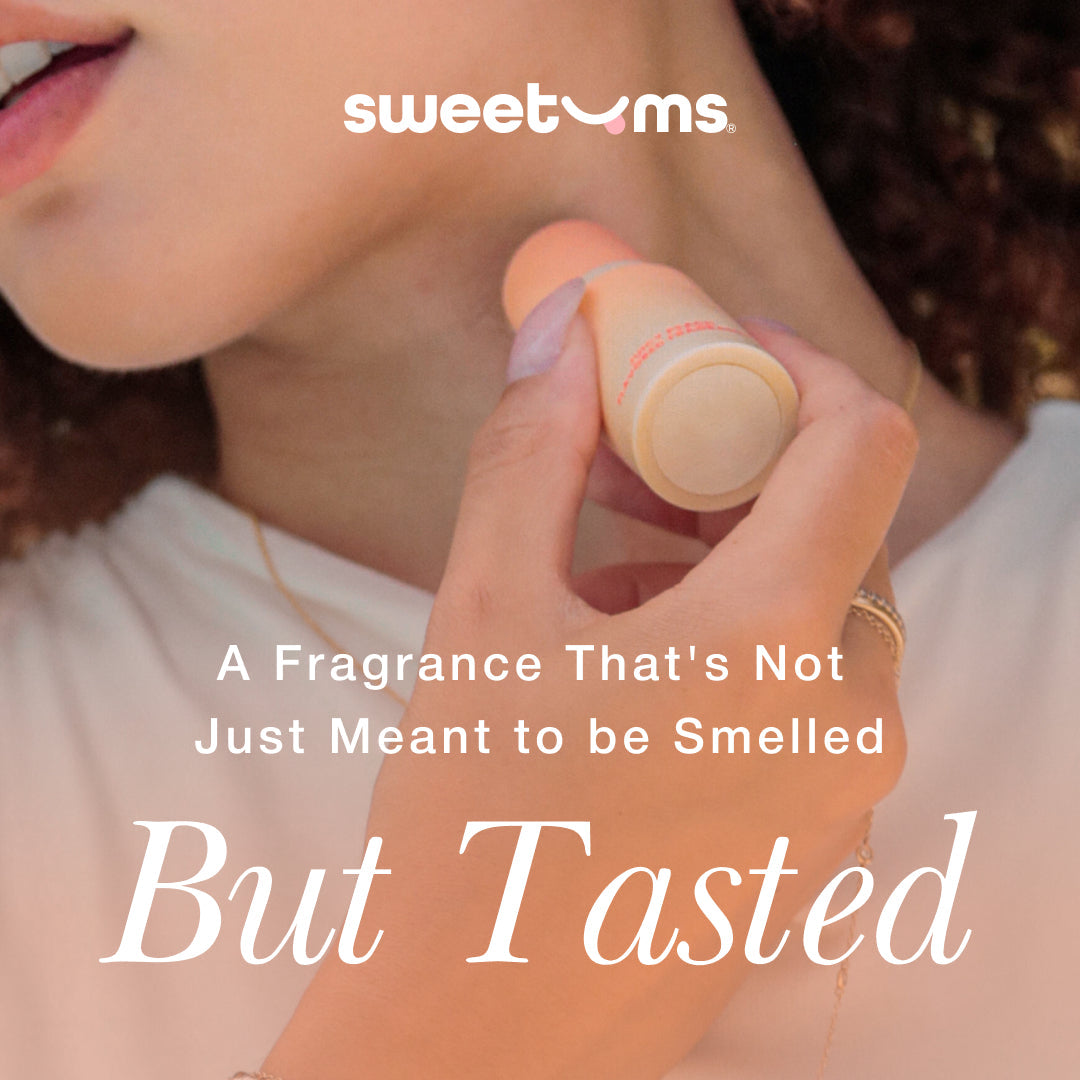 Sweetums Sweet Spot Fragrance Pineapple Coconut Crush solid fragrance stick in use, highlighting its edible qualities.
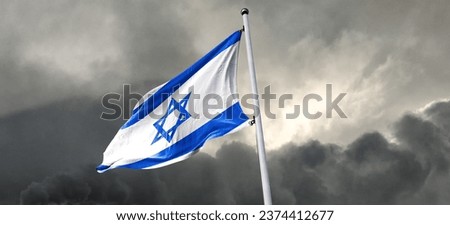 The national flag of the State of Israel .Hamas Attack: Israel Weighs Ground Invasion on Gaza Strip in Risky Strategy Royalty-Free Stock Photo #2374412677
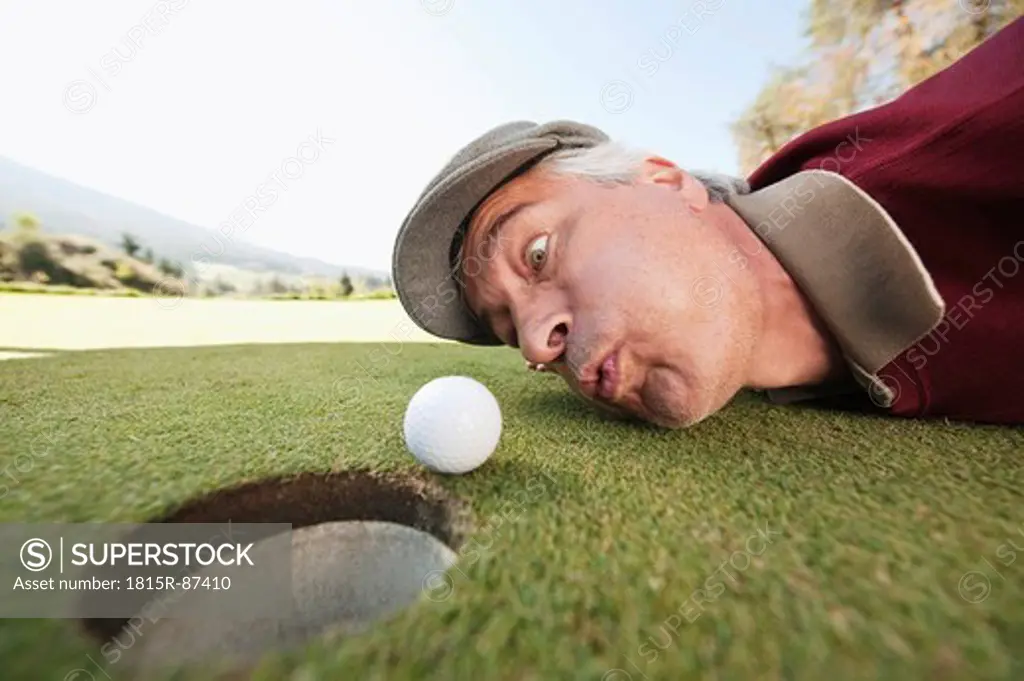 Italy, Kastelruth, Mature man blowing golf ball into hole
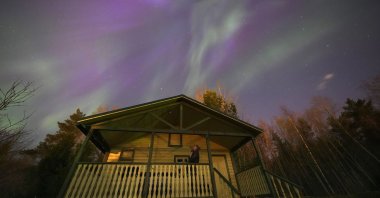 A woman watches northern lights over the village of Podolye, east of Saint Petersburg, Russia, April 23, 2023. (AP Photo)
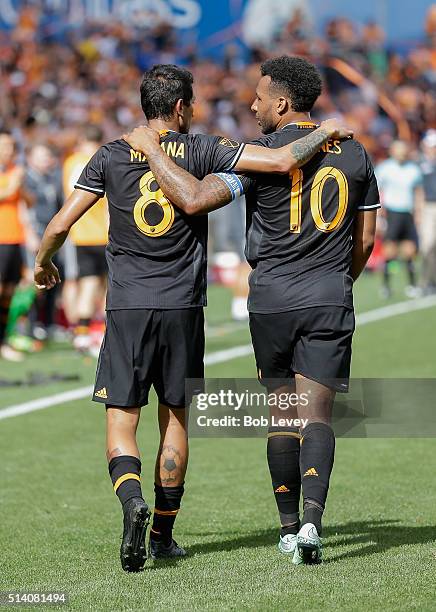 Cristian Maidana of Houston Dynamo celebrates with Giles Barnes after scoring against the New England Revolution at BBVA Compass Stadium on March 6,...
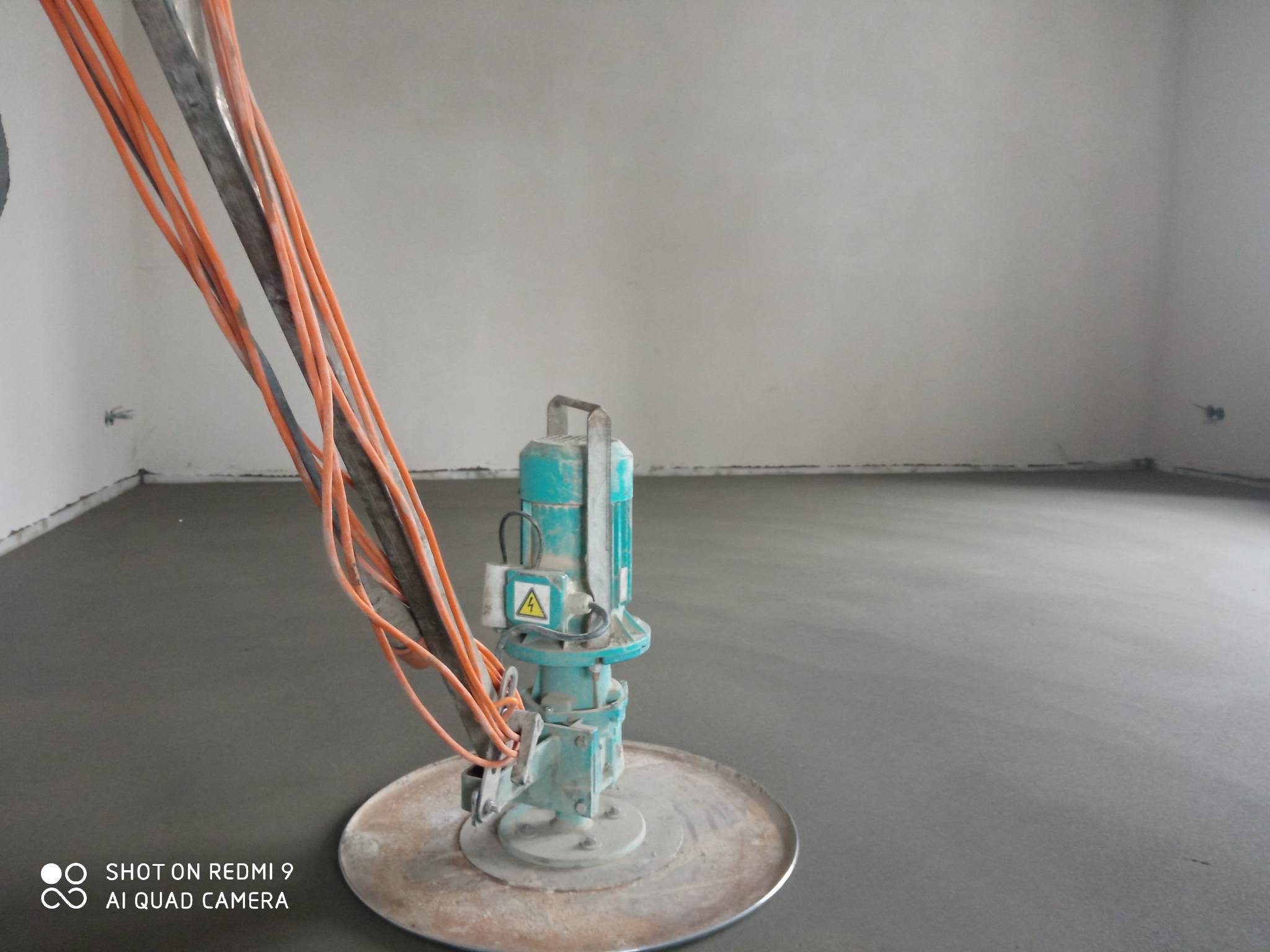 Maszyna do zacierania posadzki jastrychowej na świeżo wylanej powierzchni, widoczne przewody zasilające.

____________

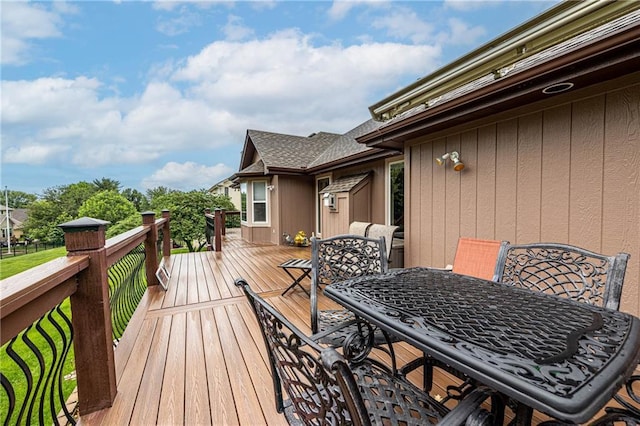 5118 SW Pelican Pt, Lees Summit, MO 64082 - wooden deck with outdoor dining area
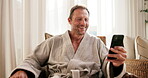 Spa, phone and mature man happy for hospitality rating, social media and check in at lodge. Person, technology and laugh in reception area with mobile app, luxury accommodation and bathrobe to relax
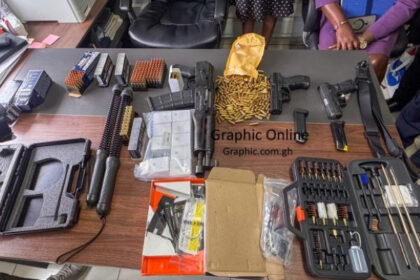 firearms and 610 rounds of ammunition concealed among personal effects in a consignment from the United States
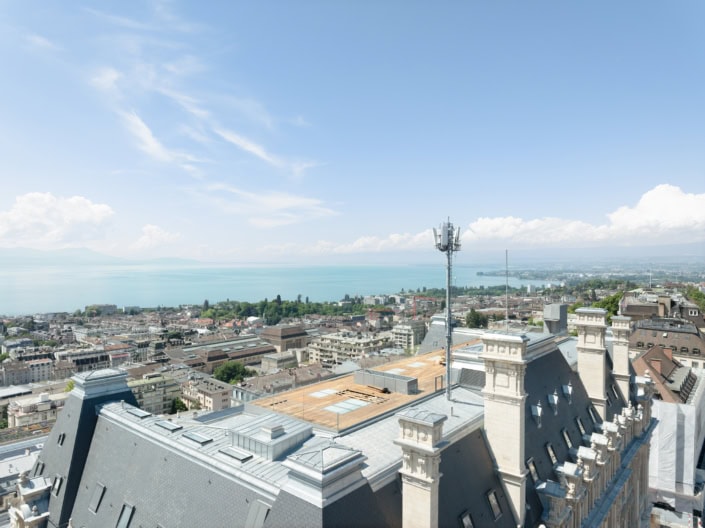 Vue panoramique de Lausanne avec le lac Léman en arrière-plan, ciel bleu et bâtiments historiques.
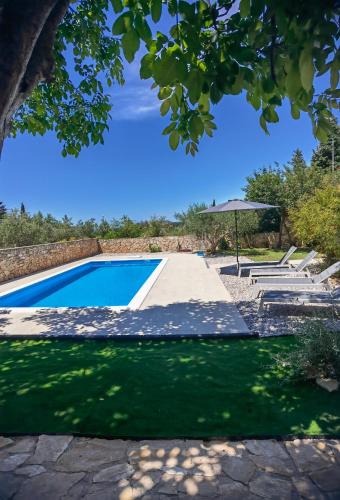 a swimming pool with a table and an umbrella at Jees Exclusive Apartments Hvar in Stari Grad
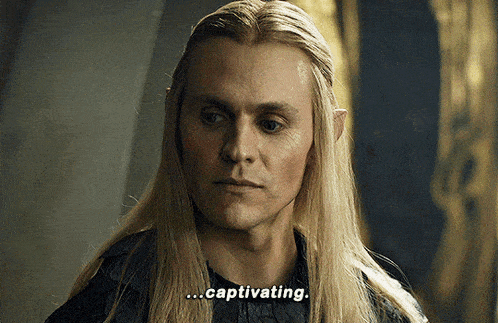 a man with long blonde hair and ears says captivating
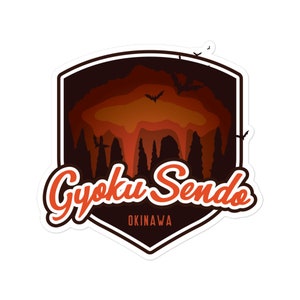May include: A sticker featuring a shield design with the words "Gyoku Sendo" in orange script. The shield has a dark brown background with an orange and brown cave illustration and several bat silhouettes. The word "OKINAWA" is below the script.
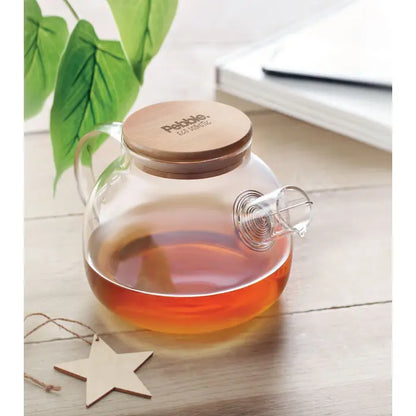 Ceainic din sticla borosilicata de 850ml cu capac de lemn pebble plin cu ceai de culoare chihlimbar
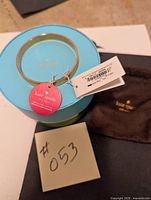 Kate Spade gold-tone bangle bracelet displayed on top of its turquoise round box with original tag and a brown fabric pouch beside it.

____________

▸ **Your objective**:
Precisely those lines above that run from the line with "a man with long" up to and including the line with "Kate Spade gold-tone" are to be set down, with the pictures omitted.

▸ **Solution to this exercise**:
 a man with long blonde hair and ears says captivating
May include: A sticker featuring a shield design with the words "Gyoku Sendo" in orange script. The shield has a dark brown background with an orange and brown cave illustration and several bat silhouettes. The word "OKINAWA" is below the script.
 Ceainic din sticla borosilicata de 850ml cu capac de lemn pebble plin cu ceai de culoare chihlimbar
 Kate Spade gold-tone bangle bracelet displayed on top of its turquoise round box with original tag and a brown fabric pouch beside it.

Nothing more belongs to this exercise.